It only took the jury 10 minutes to reach a verdict in the sentencing phase of the trial of an East Texas man convicted in a cold-case murder from 1999.
34-year-old, Shams Masters was sentenced to life in prison with a $10,000 fine.
Masters was convicted, Monday for the February 1999 death of William Thomas Young. Young was born in November of 1980 and attended Robert E. Lee High School. He was shot to death at age 18 by a gunshot wound to the head. His body was found in a wooded area that is now the Woodland Estates, near Flint. Young's body was found on the morning of February 18, 1999 by a man waking his dog.
Tuesday, the parents of the victim took the stand one last time to tell the jury how much pain and suffering Masters has caused their family.
"I think of my son everyday. Every morning when I get up I thank the lord for the day and I say, 'Good morning, Lock.' That's every day," said the victim's mother, Rosalind Young.
"My nights have been sleepless. My days have been dark," said the victim's father, William Young Sr.
Prosecutors brought to light Masters' multiple convictions and sentences served since the murder. Those convictions included drug charges, assault and multiple bank robberies.
But, the defense argued that the jury wasn't present to sentence Masters for his other crimes.
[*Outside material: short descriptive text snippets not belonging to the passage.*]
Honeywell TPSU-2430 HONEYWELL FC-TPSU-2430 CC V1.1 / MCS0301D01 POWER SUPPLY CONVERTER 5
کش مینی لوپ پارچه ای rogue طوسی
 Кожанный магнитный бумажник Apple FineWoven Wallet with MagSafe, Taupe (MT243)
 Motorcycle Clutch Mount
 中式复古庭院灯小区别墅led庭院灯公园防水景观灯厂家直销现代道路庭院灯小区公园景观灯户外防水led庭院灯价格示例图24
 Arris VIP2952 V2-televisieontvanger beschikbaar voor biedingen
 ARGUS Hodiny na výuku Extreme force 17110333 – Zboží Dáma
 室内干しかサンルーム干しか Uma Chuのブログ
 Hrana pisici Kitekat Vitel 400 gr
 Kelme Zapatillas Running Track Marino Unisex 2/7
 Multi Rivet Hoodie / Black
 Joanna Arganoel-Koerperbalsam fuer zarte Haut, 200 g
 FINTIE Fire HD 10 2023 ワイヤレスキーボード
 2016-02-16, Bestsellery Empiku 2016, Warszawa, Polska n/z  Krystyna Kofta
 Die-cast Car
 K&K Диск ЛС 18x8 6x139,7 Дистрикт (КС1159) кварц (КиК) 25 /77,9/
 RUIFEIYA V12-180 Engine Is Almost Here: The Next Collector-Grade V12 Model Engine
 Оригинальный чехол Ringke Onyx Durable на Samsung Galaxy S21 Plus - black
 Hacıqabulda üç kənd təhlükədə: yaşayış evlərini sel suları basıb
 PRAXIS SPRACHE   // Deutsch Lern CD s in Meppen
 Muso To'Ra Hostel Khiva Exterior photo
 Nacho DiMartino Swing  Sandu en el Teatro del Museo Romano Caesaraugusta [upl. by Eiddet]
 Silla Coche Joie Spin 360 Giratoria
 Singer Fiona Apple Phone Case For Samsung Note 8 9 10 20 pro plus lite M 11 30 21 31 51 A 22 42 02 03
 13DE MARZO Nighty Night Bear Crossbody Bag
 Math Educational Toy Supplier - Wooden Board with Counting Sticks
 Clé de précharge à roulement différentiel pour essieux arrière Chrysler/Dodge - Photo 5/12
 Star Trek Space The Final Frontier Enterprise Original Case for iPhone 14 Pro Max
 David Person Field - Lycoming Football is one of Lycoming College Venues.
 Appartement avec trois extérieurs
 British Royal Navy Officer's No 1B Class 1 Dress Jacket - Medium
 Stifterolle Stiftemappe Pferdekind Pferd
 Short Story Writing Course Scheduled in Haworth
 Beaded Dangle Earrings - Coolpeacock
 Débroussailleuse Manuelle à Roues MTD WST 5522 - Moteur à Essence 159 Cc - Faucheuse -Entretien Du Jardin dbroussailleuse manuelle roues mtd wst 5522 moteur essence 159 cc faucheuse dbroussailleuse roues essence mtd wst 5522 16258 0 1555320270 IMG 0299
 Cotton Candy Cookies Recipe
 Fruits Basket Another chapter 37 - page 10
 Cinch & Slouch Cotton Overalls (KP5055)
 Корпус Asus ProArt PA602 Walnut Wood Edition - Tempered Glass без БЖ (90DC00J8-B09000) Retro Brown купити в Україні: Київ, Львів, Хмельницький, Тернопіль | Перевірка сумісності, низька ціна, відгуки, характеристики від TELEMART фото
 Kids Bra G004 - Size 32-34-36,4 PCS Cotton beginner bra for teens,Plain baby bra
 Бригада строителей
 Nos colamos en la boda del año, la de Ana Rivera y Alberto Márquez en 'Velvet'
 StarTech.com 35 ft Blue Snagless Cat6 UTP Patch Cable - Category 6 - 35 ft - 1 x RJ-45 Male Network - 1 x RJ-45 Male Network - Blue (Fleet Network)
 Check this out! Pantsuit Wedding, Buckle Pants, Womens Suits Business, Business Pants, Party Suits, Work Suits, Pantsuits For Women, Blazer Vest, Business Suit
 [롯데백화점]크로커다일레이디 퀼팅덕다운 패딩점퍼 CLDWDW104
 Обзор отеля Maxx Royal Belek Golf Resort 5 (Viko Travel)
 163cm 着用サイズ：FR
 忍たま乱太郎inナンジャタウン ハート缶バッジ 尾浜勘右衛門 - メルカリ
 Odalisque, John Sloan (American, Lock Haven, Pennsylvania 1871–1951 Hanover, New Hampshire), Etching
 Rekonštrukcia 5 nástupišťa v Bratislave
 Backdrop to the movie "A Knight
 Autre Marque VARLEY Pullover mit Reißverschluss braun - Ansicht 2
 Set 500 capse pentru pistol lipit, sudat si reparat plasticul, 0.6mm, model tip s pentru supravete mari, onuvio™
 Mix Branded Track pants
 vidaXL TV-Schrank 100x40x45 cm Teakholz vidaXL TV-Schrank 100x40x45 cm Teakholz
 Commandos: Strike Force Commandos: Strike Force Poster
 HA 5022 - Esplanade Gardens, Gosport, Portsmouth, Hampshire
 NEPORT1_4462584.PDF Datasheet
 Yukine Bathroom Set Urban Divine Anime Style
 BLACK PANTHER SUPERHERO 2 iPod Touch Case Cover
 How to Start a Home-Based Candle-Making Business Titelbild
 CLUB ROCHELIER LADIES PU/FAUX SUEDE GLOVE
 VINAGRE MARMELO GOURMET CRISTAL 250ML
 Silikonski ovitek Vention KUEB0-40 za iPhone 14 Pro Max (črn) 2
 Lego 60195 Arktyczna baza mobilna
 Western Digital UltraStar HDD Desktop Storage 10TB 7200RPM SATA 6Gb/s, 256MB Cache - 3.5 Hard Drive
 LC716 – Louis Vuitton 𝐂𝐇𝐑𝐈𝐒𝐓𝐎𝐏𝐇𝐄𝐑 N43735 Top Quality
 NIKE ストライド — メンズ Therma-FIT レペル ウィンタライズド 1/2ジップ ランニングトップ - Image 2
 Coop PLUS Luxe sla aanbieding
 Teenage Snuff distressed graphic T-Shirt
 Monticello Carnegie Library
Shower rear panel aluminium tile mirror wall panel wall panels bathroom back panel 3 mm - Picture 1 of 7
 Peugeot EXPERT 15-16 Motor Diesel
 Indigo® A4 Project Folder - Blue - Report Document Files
"The allegation before you is not bank robbery... it's not possession of a controlled substance... it's not misdemeanor drug possessions... it's not a misdemeanor assault. The allegation here before you is murder," said defense attorney A. M. Thompson.
Attorneys for The State told the jurors the defense was right.
"Absolutely. Consider the fact that this is a murder. Consider the fact that he shot somebody in the head for a bag of crack," said prosecutor Whitney Tharp.
Prosecutors urged the jurors to give Masters the maximum sentence. The said that way, if he makes parole in 30 years, he'll still be on probation for the rest of his life.
"If anybody in this room feels comfortable with Mr. Masters being out in the free world, and not being supervised by anybody, that's a scary thought," Tharp said.
The jury deliberated for two hours Monday before reaching a guilty verdict for Masters.
Masters will be sent back to a federal prison in Colorado to finish the 14 years left in his bank robbery sentence. After that, he'll be transported back to Texas where he'll begin serving this life sentence.